BIS, altının hisse senetleriyle paralel şekilde yükselmesinin tarihsel açıdan olağan dışı olduğunu belirterek bu senaryonun “yarım asra yakın süredir gözlemlenmeyen bir anomali” olduğunu aktardı. Kurumun Para ve Ekonomik Departmanı Başkanı Hyun Song Shin, üç aylık piyasa değerlendirmesinde çarpıcı ifadeler kullandı.
“Altın artık riskli varlıklarla aynı ritimde hareket ediyor”
Shin değerlendirmesinde, altının geleneksel hareket kalıplarından koptuğunu şu sözlerle anlattı:
“Altın fiyatları, risk iştahıyla yükselen varlıklarla birlikte yukarı gidiyor. Bu durum, altının güvenli liman karakterinden uzaklaştığını ortaya koyuyor. Bugün altın çok daha spekülatif bir yatırım niteliği taşıyor.”
Bloomberg verilerine göre külçe altın, eylül ayının başından itibaren yaklaşık yüzde 20 oranında prim yaparak yatırımcı ilgisini üzerine çekti. BIS, bu talebin bir bölümünün “altına dair sansasyonel haberlerin oluşturduğu algı” tarafından beslendiğini de not ediyor.
Altındaki ralli hangi faktörlerden güç aldı?

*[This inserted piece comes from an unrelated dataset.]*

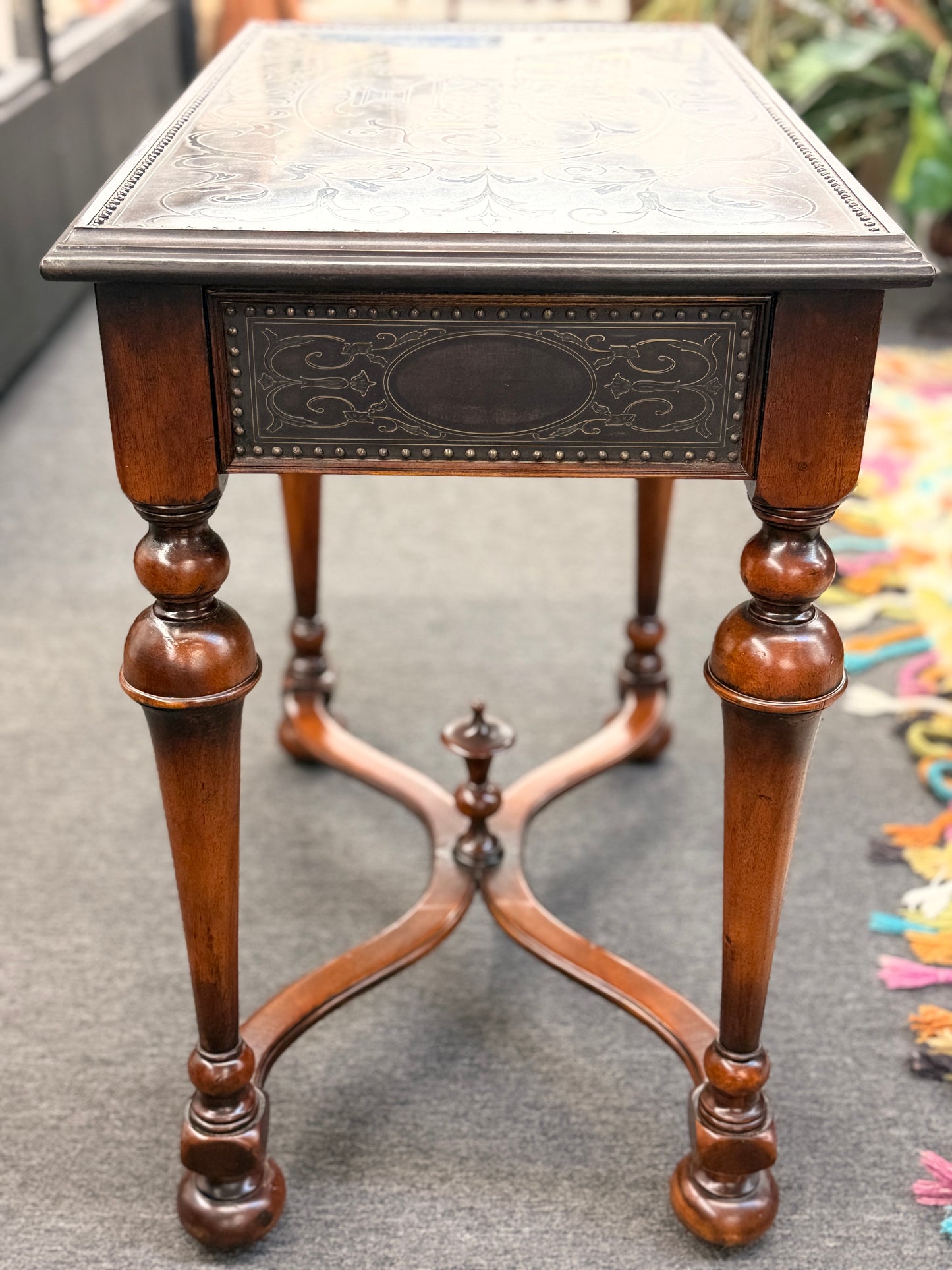 Traditional carved wood console table featuring two front drawers, turned carved legs, an embossed tabletop with nailhead trim, and a curved cross-stretcher with a decorative center finial.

Raporda altın fiyatlarındaki çıkışı besleyen iki temel dinamik öne çıkarılıyor:
-
Faiz indirimine yönelik beklentilerin artması, küresel piyasalarda risk alma isteğini güçlendirdi. Ekonomik görünümdeki tedirginliğin kısmen hafiflemesi, büyük yatırımcıların alternatif arayışını altına yönlendirdi.
-
ABD borsalarının nisandaki Trump tarifeleri sonrası dipten dönerek sert bir ralli başlatması, özellikle teknoloji ve yapay zeka odaklı şirketlerde hızlı değer artışlarına yol açtı. Ancak buna karşın yüksek değerleme tartışmaları devam ediyor.
“Patlayıcı bölge” uyarısı: Düzeltme kapıda olabilir
BIS, altın ve hisse senetlerinin aynı anda aşırı değerlenme sinyalleri vermesinin oldukça nadir görülen bir piyasa davranışı olduğuna dikkat çekerek iki varlığın da “patlayıcı bölge” olarak tanımlanan alana girdiğini belirtti.
Kurumun değerlendirmesine göre bu tür dönemler, genellikle ani ve sert düzeltmelerle sonuçlanabiliyor:
“Patlayıcı bir yükselişin ardından balon, çoğu zaman hızlı bir şekilde sönerek fiyatlarda keskin bir düşüşe neden olur.”
BIS, geçmişten örnek olarak 1980’deki altın balonunu hatırlattı ancak her düzeltmenin aynı şiddette gerçekleşmeyeceğini, kimi zaman geri çekilmelerin uzun bir zamana yayılarak yaşanabileceğini de ekledi.